WORK INSTRUCTIONS:
Every line from the one containing "Ručnik papirnati troslojni" to the end of the data below should be copied exactly, but pictures should not.

Scraped caption text data
-*-*-

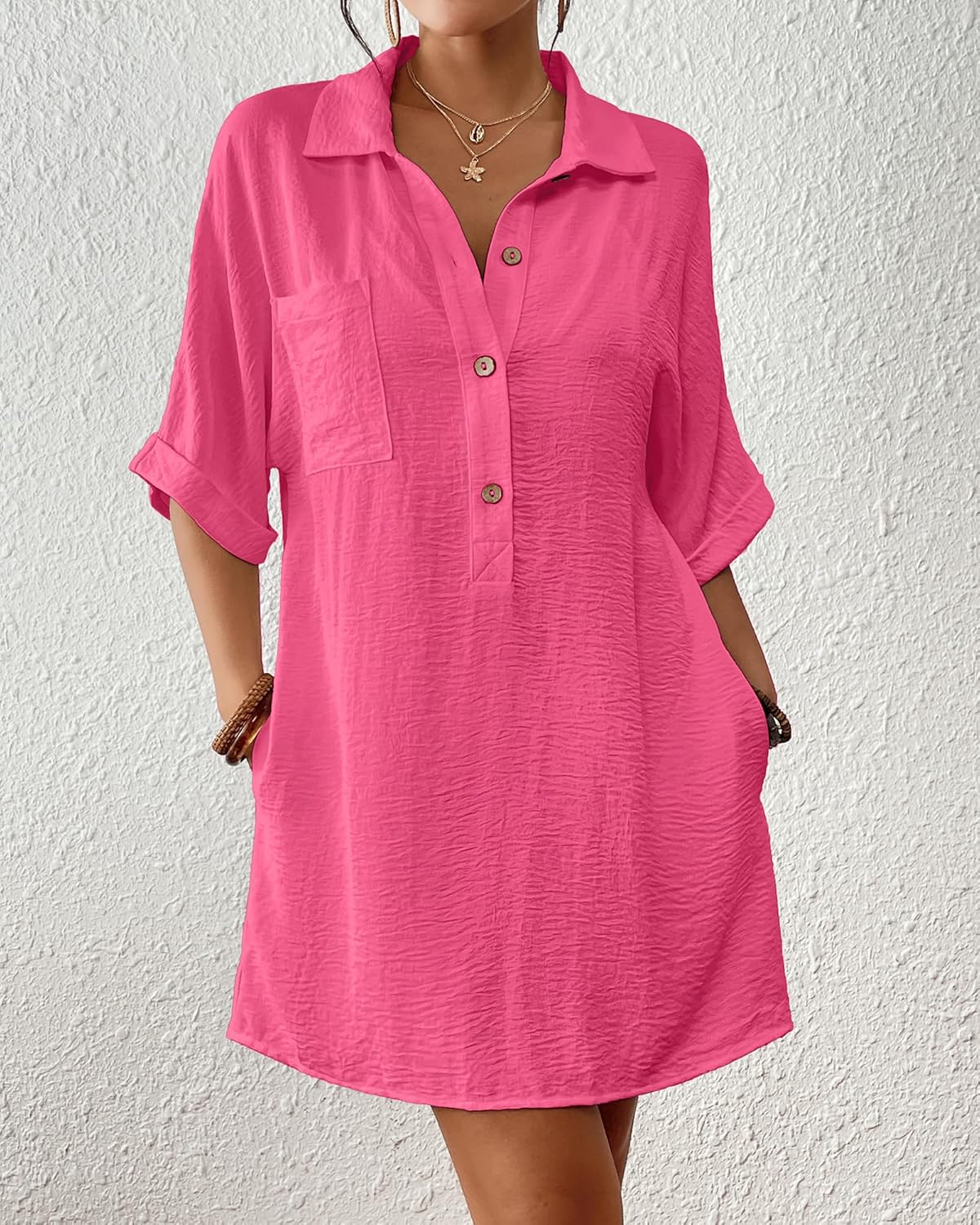 Bsubseach Cover Ups for Swimwear Women Short Sleeve Beach Swimsuit Coverup Loose Shirt Dress 2026 Vacation Outfits - Image 2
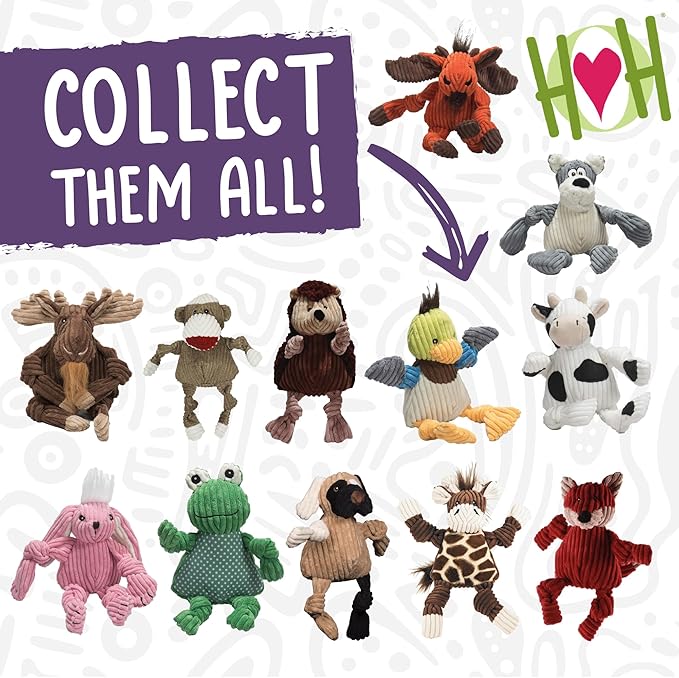 HuggleHounds Knottie Plush Dog Toy - Dog Stuffed Animal Toy, Squeaky Puppy Toys, for Small, Medium & Large Dogs, Durable Plush to Keep Them Busy - Angus Cow, Large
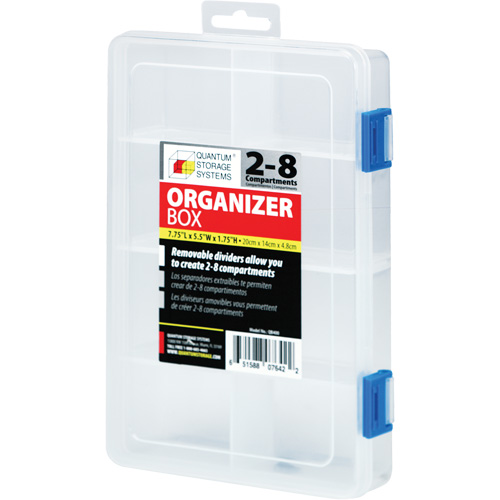 Boîte &agrave; compartiments en plastique, 5,5" la x 7,75" p x 1,75" h, 8 compartiments Distribution Industrielle GC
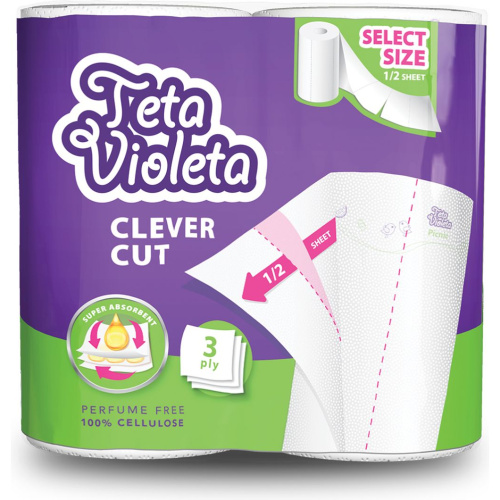 Ručnik papirnati troslojni Clever Cut Violeta bijeli – 1/2 rola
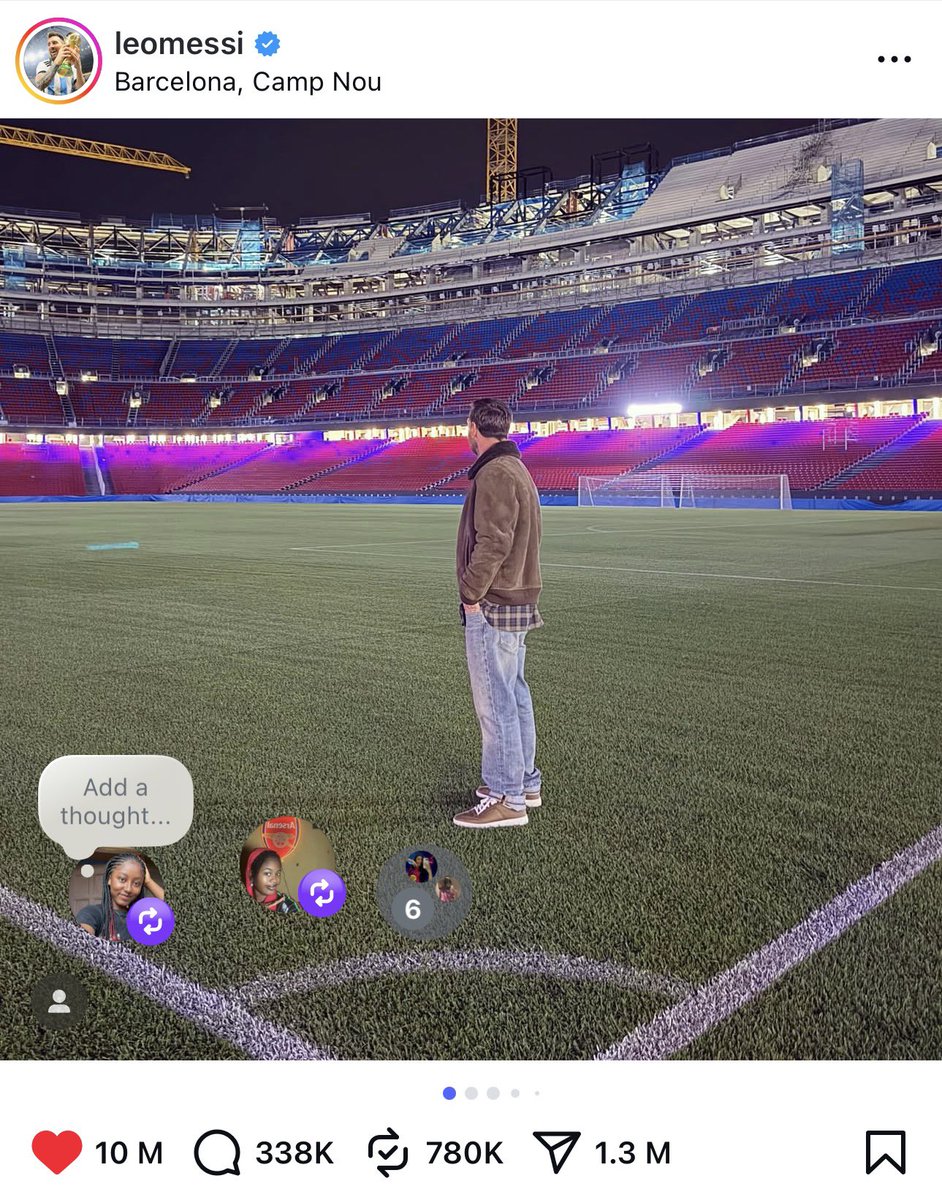 theberneese's tweet image. In less than 6 hours, Messi return to Camp Nou&apos;s post hit over 10M likes on Instagram🥹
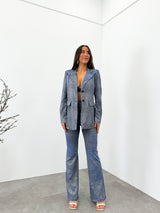 Ensemble blazer lurex bleu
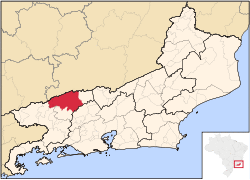 Location of Valença in the state of Rio de Janeiro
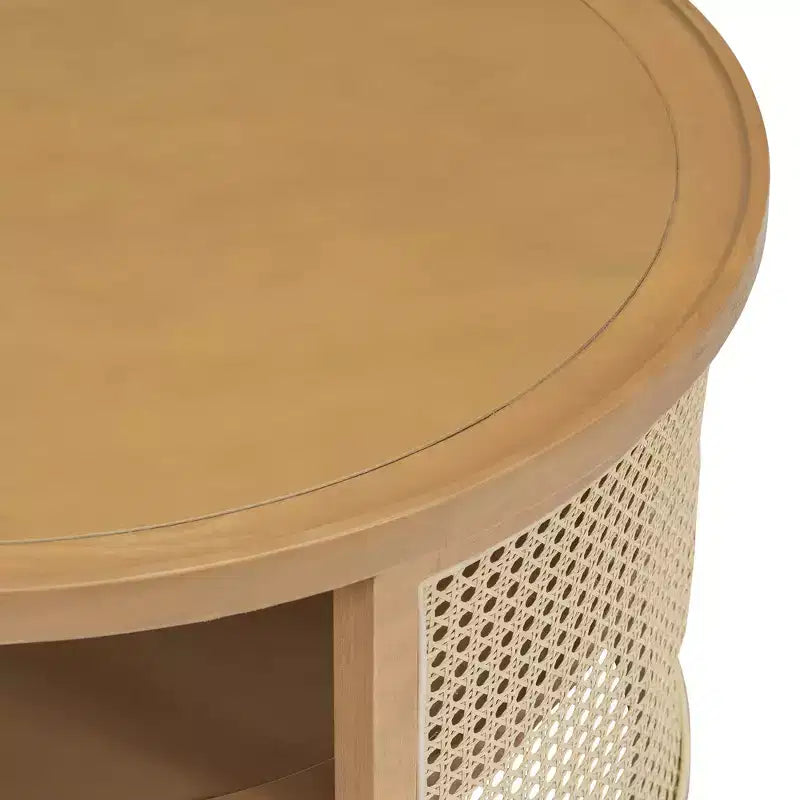 31.3''W 2-Tiered Round Rubber Wood Coffee Table with Storage Rattan Base 4B - ModernLuxe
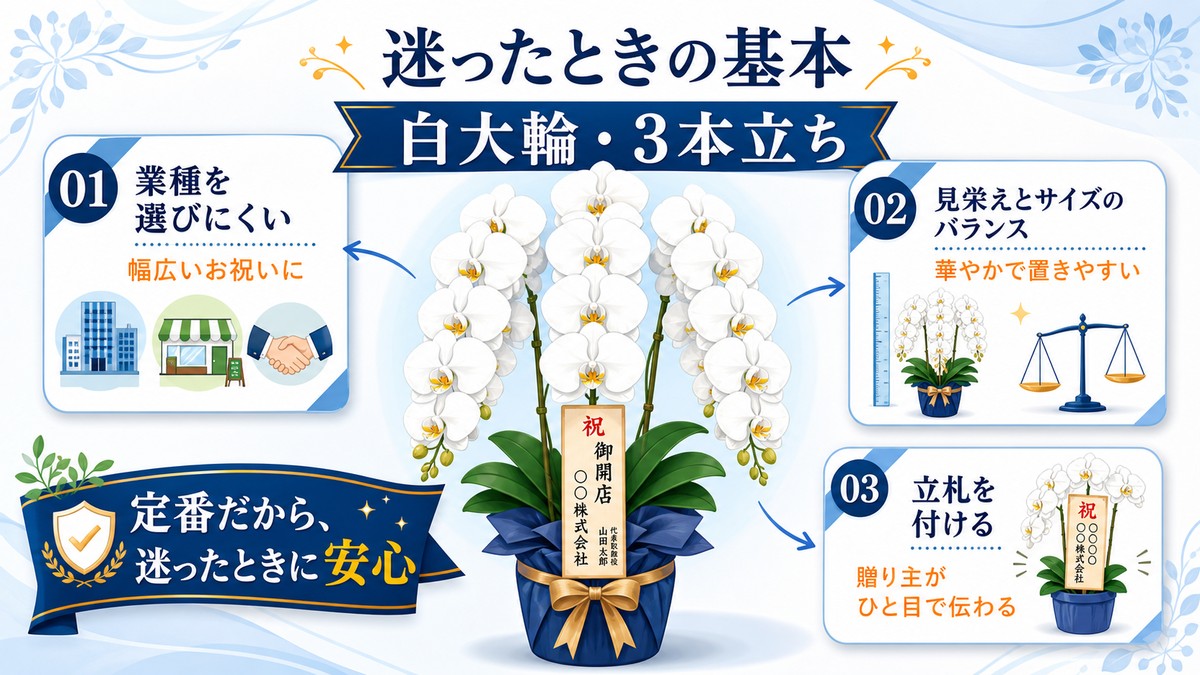 移転祝いの胡蝶蘭を選ぶ基本条件を示す図解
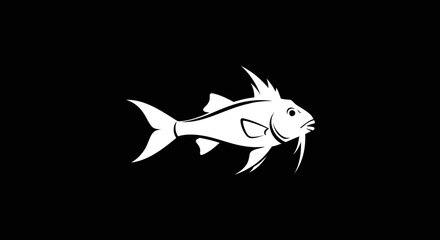White stylized fish illustration design.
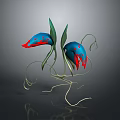 Exotic Plant With Blue Buds Red Tips Green Leaves And Curved Vines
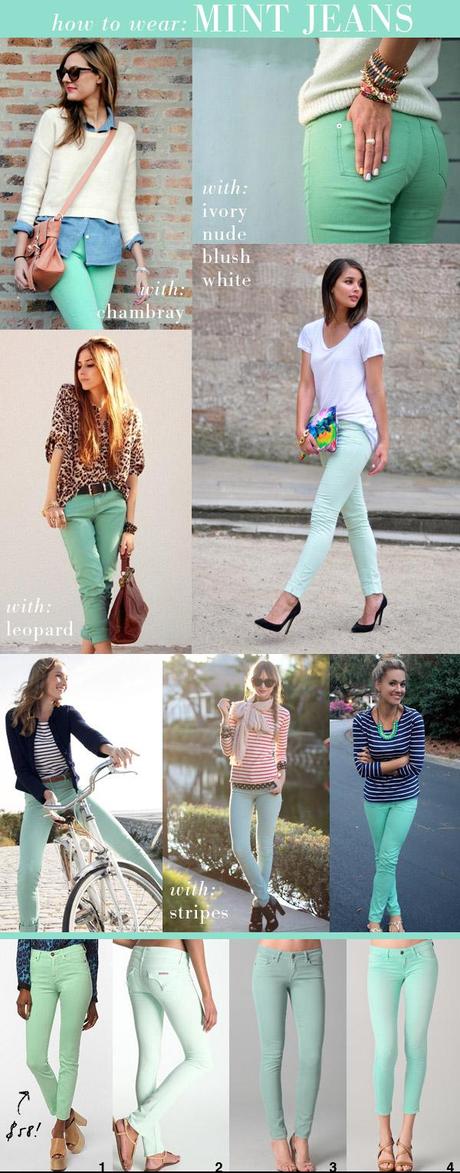 HOW TO WEAR // Red Jeans, Mint Jeans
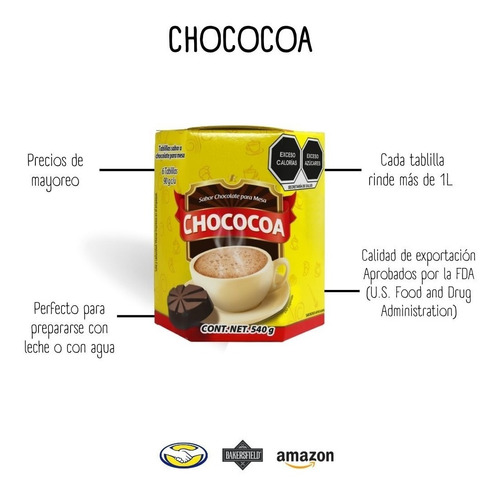 Chocolate De Mesa Chococoa Doble Tablilla 12/180 Grs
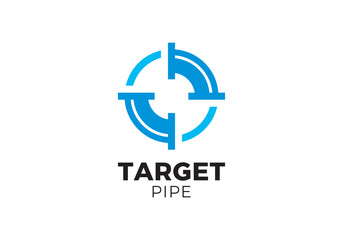 pipe with target logo. plumbing service symbol icon design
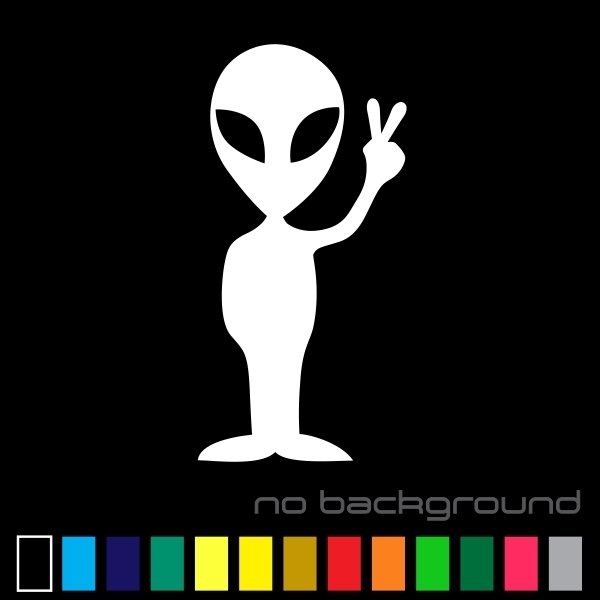 Alien Sticker Vinyl Decal – UFO Space Peace Sci Fi Funny Car Window Bumper Decor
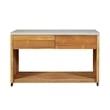 Pemberly Row Outdoor Solid Teak Wood Kitchen Island in Natural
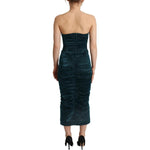 Dolce & Gabbana Turquoise Bustier Bodice Draped Midi Dress DR28617#2- 40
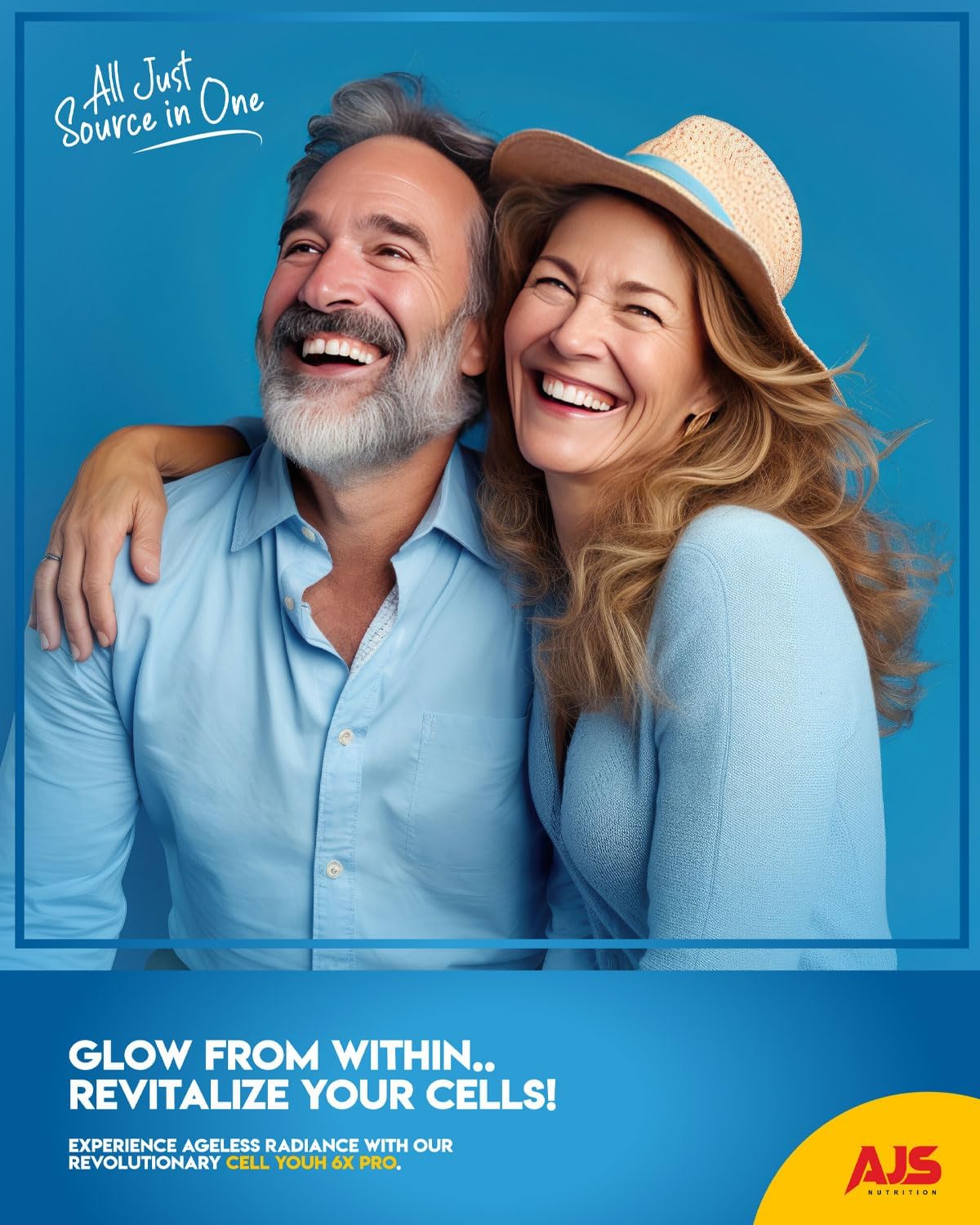 AJS Pure Cell Youth 6X PRO Supplement with PQQ, R-Lipoic Acid, Sodium Hyaluronate, and More - 90 Capsules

-*-*-

ANSWER SECTION:
 Ručnik papirnati troslojni Clever Cut Violeta bijeli – 1/2 rola
 theberneese's tweet image. In less than 6 hours, Messi return to Camp Nou&apos;s post hit over 10M likes on Instagram🥹
 Ensemble blazer lurex bleu
 Location of Valença in the state of Rio de Janeiro
 31.3''W 2-Tiered Round Rubber Wood Coffee Table with Storage Rattan Base 4B - ModernLuxe
 移転祝いの胡蝶蘭を選ぶ基本条件を示す図解
White stylized fish illustration design.
 Exotic Plant With Blue Buds Red Tips Green Leaves And Curved Vines
 HOW TO WEAR // Red Jeans, Mint Jeans
 Chocolate De Mesa Chococoa Doble Tablilla 12/180 Grs
 pipe with target logo. plumbing service symbol icon design
 Alien Sticker Vinyl Decal – UFO Space Peace Sci Fi Funny Car Window Bumper Decor
 Pemberly Row Outdoor Solid Teak Wood Kitchen Island in Natural
 Dolce & Gabbana Turquoise Bustier Bodice Draped Midi Dress DR28617#2- 40
 AJS Pure Cell Youth 6X PRO Supplement with PQQ, R-Lipoic Acid, Sodium Hyaluronate, and More - 90 Capsules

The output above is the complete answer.